_YOUR OBJECTIVE_: Transcribe the entries below without changing a word, and omit every picture.

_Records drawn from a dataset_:
========================

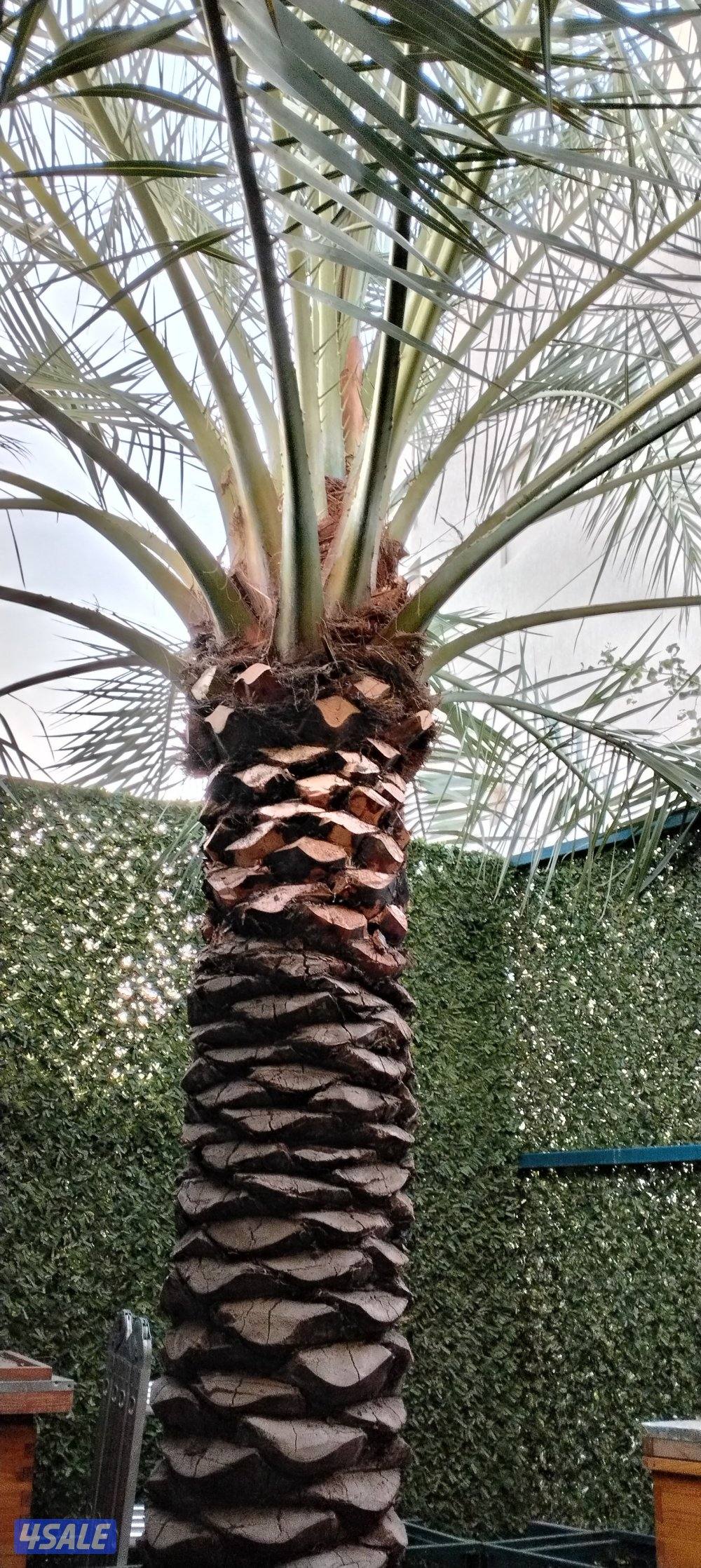 ابو حسين الاهوازي /تجليخ/تلقيح/تنظيف/زراعه و نقل النخيل بيع و شرا ضمان3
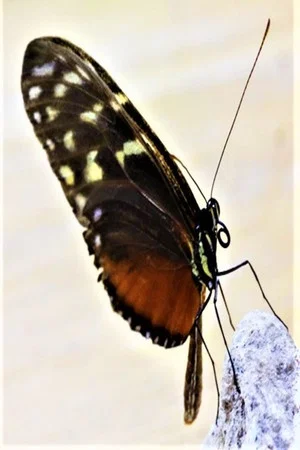 Постер: The Butterfly Effect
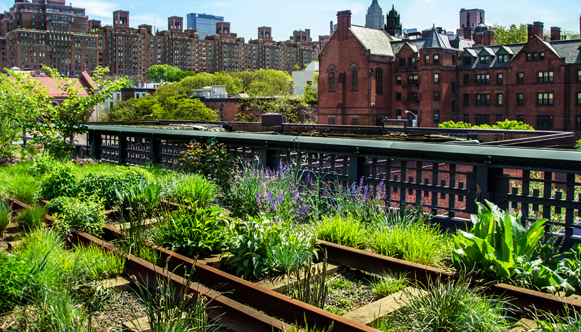 Outdoor plants near buildings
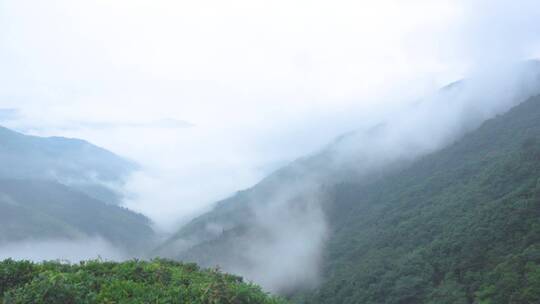 南岳衡山云雾茶茶场航拍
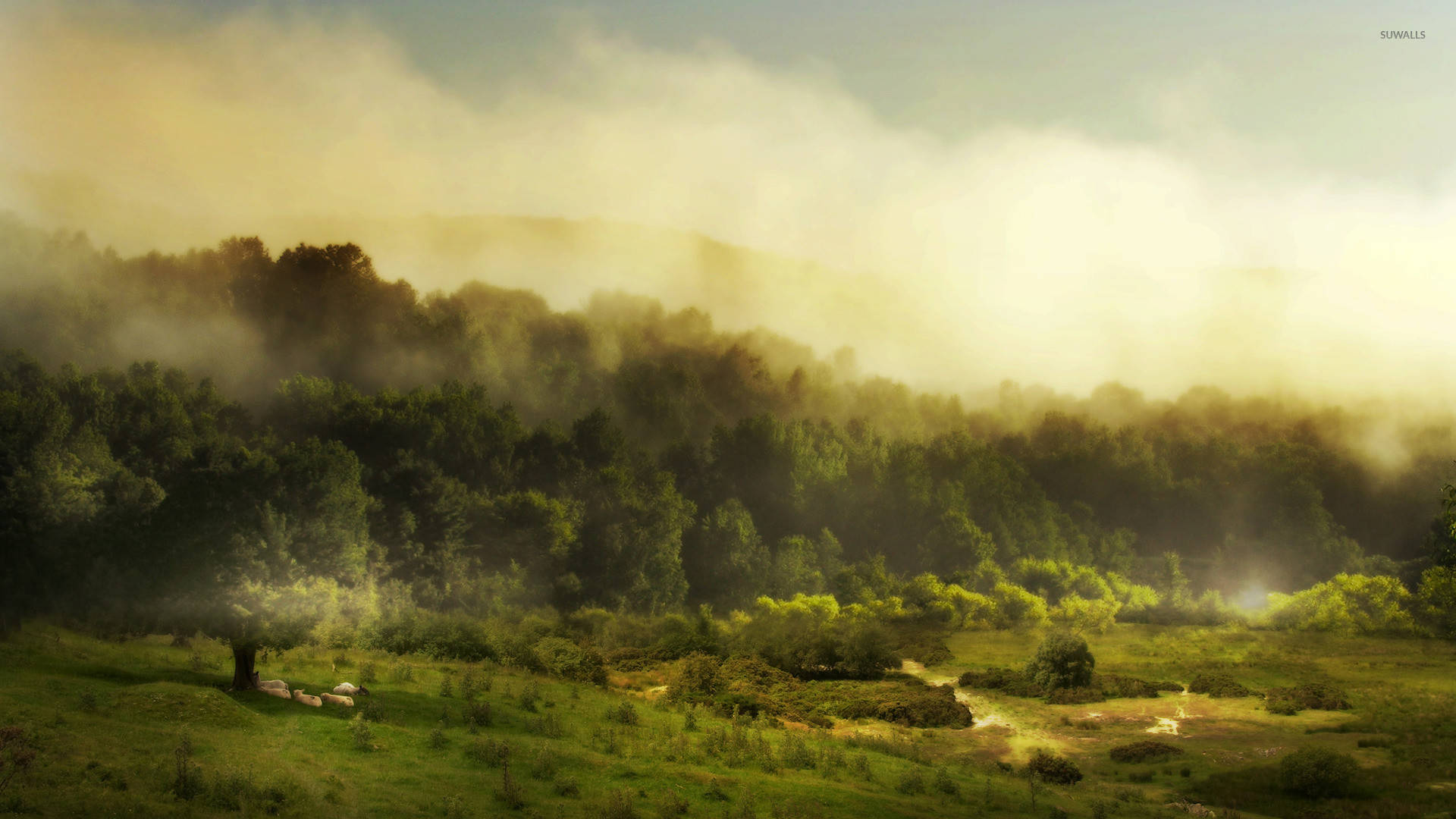 Arte de Bosque Neblinoso con Campo Verde Fondos de pantalla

========================

_EXERCISE RESULT_:
 ابو حسين الاهوازي /تجليخ/تلقيح/تنظيف/زراعه و نقل النخيل بيع و شرا ضمان3
 Постер: The Butterfly Effect
 Outdoor plants near buildings
 南岳衡山云雾茶茶场航拍
 Arte de Bosque Neblinoso con Campo Verde Fondos de pantalla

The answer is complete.